You may be correct, but that doesn't explain why Facebook decided to include so-called deleted files in a download of user data. Clearly these deleted files are still a part of Facebook user profiles and accessible to company data mining software. Facebook has exposed their own duplicity.

  • Maybe the Facebook development processes and tracking of tech debt is just shit. First person: "I'll just flag the content and then it won't show on their timeline!" Second person: "I'll just select all the records that belongs to this account when packaging a backup. All the deleted content should be gone!"

    But I wouldn't discount your hypothesis.

    • When storage is cheap, it's rational to develop the delete flag first and think about cleanup later, which means never. The download content thing seems like a low priority project and the poor intern who probably did it didn't want to figure out how each store keeps the delete flag. At least it's honest. Would you be surprised a dd of your sd card showed your deleted photos?

      12 replies →

  • >Facebook has exposed their own duplicity.

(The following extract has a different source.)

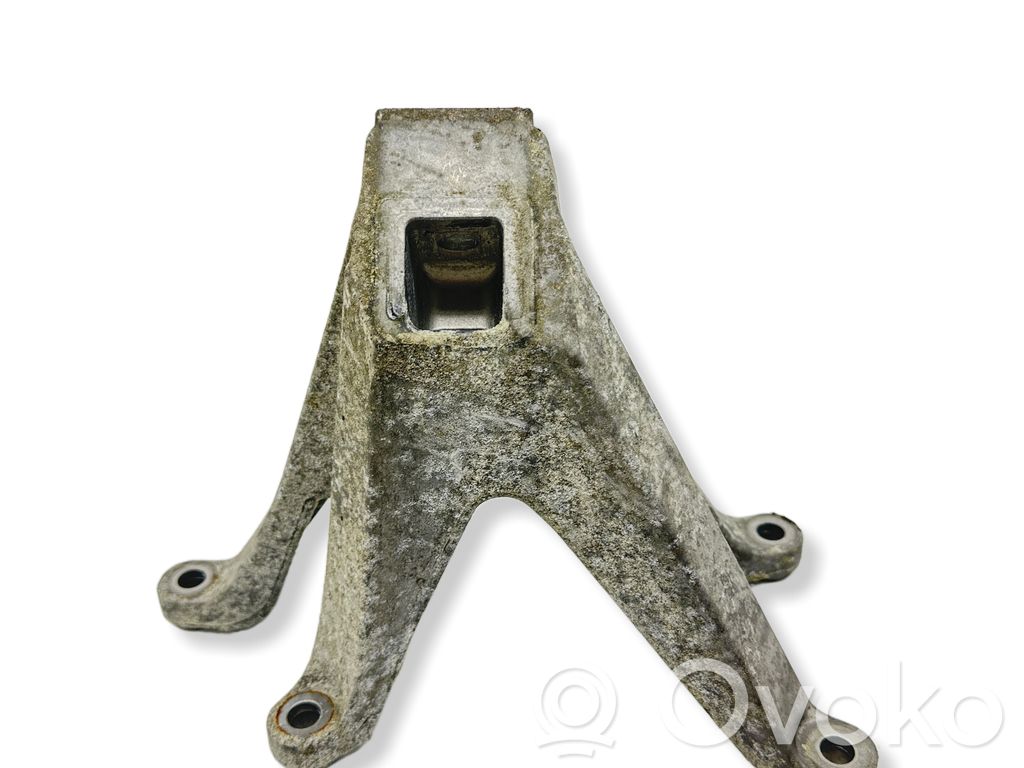 BMW 7 G11 G12 Engine mounting bracket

    Or possibly they just screwed up. Perhaps the "soft delete" was originally intended to allow "undelete" by the user with delayed purge, and/or single-instance storage with reference counting that they never quite got around to finishing.

  • > but that doesn't explain why Facebook decided to include so-called deleted files in a download of user data.

    This happened because the person tasked with writing the code to build the archive forgot to include the filter for "deleted" records somewhere in the code.

    I.e., they forgot the "where is_deleted = false" part below on one or more DB query requests like this:

    select * from table where is_deleted = false;

    This is the biggest problem with the "soft delete flag in database" method of deletion. Every single query writer, everywhere, forever, must always remember to include the "is_deleted" filter in their queries. And when they don't, what was deleted reappears as if it had never been deleted at all.

Facebook is powerful and insular. Taking it down requires extraordinary organisation. Outrage is helpful in that respect.

Agreement is better than disagreement. Would I prefer we had agreement earlier? Yes. Is agreement today better than agreement tomorrow? Absolutely.

Now that we have a constituency, the important thing is to mobilise. The past is in the past. Our job, in the present, is to protect the future.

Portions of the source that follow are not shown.